9.7. Las trompetas de la fama

  • José Carlos Mariátegui

 

         1Un antojo del destino ha querido que suene en todo el mundo el nombre del esclarecido gentil hombre peruano señor don Enrique de la Riva Agüero, que fue nuestro canciller hasta un día en que el señor Pardo decidió darle públicamente las gracias por sus buenos y leales servicios. Uno de los grandes diarios que actualmente distribuyen entre los grandes hombres de la Tierra las mercedes de la celebridad, ha anunciado que el señor de la Riva Agüero tenía un convenio secreto con Alemania. Y esta noticia ha repercutido de pueblo en pueblo estruendosamente y ha llegado también a este rincón desabrido y triste donde el señor de la Riva Agüero es un personaje bien amado.
         Acaso en otros momentos la noticia del Washington Post no habría hallado eco en el mundo. Pero en estos momentos en que a la revelación de los planes de Luxburg ha seguido la revelación de los planes de Caillaux no ha podido dejar de ser sensacional la revelación de los presuntos planes del señor de la Riva Agüero.

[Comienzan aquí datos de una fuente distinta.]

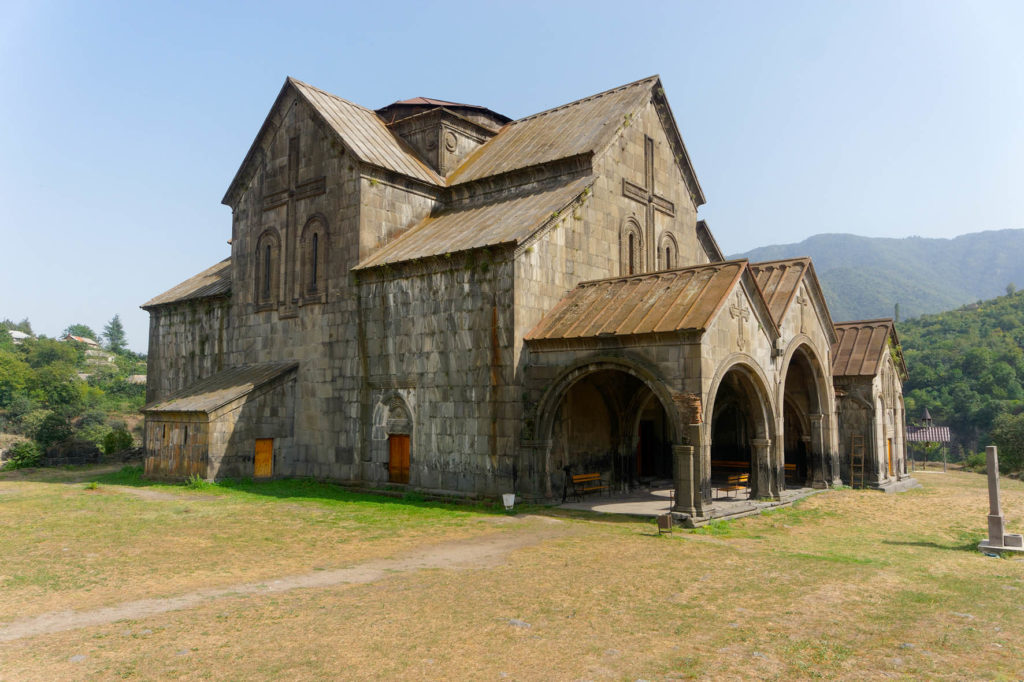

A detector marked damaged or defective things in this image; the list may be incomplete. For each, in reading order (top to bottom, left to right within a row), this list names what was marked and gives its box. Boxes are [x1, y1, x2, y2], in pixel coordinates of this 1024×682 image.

rusty metal roof [446, 76, 655, 184]
rusty metal roof [354, 175, 593, 268]
rusty metal roof [142, 258, 232, 307]
rusty metal roof [524, 261, 749, 346]
rusty metal roof [749, 259, 811, 325]
rusty metal roof [831, 319, 905, 376]
rusty metal roof [142, 360, 299, 413]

         Ocurre que la humanidad que ha exclamado primero:
         —¡Luxburg!
         Y que ha exclamado en seguida:
         –¡Caillaux!
         Está exclamando ahora:
         –¡Riva Agüero!
         Gentes aprensivas y medrosas que saben que el señor de la Riva Agüero es flor y espejo de caballeros, se soliviantan contra quienes lo acusan de un conchabamiento sigiloso y artero. Claman al cielo contra osados periodistas yanquis que así maculan la reputación de un hidalgo sin tacha. Y andan a punto de pedir que se instaure un juicio de imprenta contra el Washington Post.
         Pero es que esas gentes aprensivas y medrosas no saben lo que es la celebridad. Piensan que el señor de la Riva Agüero puede quedar desacreditado en Europa, en Asia y en la América del Norte. Se espantan ante la posibilidad de que se le tenga en mal concepto en la lejana y brumosa Rusia de los maximalistas.

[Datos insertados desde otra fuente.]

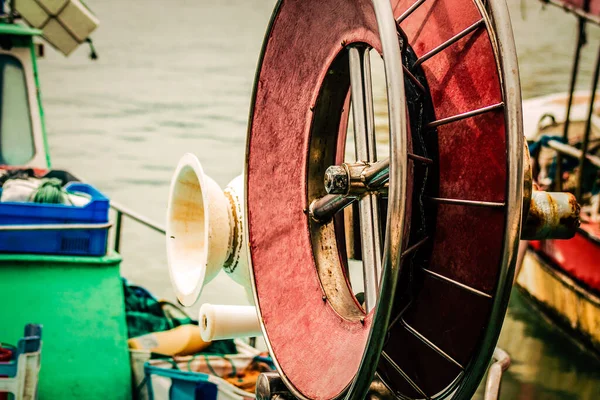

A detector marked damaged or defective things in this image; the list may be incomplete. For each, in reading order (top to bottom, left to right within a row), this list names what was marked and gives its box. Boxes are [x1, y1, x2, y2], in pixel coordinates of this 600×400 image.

rusty metal [524, 190, 580, 239]
rusty metal [482, 346, 510, 400]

         Y se ponen a gritar:
         –¿Por qué el señor de la Riva Agüero, tan bueno, tan puro, tan gentil y tan caballeroso, es tan perseguido por la desventura? ¿Por qué vienen a turbar la tranquilidad de su retiro las voces de la calumnia y de la murmuración? ¿Por qué se le inscribe en la lista maquiavélica de Luxburg, de Caillaux y de Boló Pachá? ¿No era ya demasiado que el señor Tudela y Varela lo desautorizase y lo aislase?
         Nosotros, que no somos tan asustadizos como estas gentes, tratamos de calmarlas. Les decimos que en el Perú nadie puede dudar de la caballerosidad limpia y gallarda del señor de la Riva Agüero. Y les aseguramos que nada debe importarnos a los peruanos que duden de ella los chinos, los búlgaros y los australianos. Aunque en apartados pueblos maldigan del señor de la Riva Agüero, los peruanos no vamos a dejar de amarlo.
         Pero estas gentes de nuestra ciudad son irreductibles.
         Y nos apostrofan:
         –¡Ustedes no son patriotas! ¡Ustedes se conforman con la idea de que puede haber un peruano igual a Luxburg! ¡Ustedes se conforman con la idea de que pueda haber un peruano igual a Caillaux!
         Abrumados por estos gritos, nosotros tenemos que callarnos mansamente como si en verdad fuésemos unos taimados pecadores. Y no podemos siquiera responder que por ningún motivo creemos que los peruanos sean muy capaces de parecerse a Luxburg ni a Caillaux.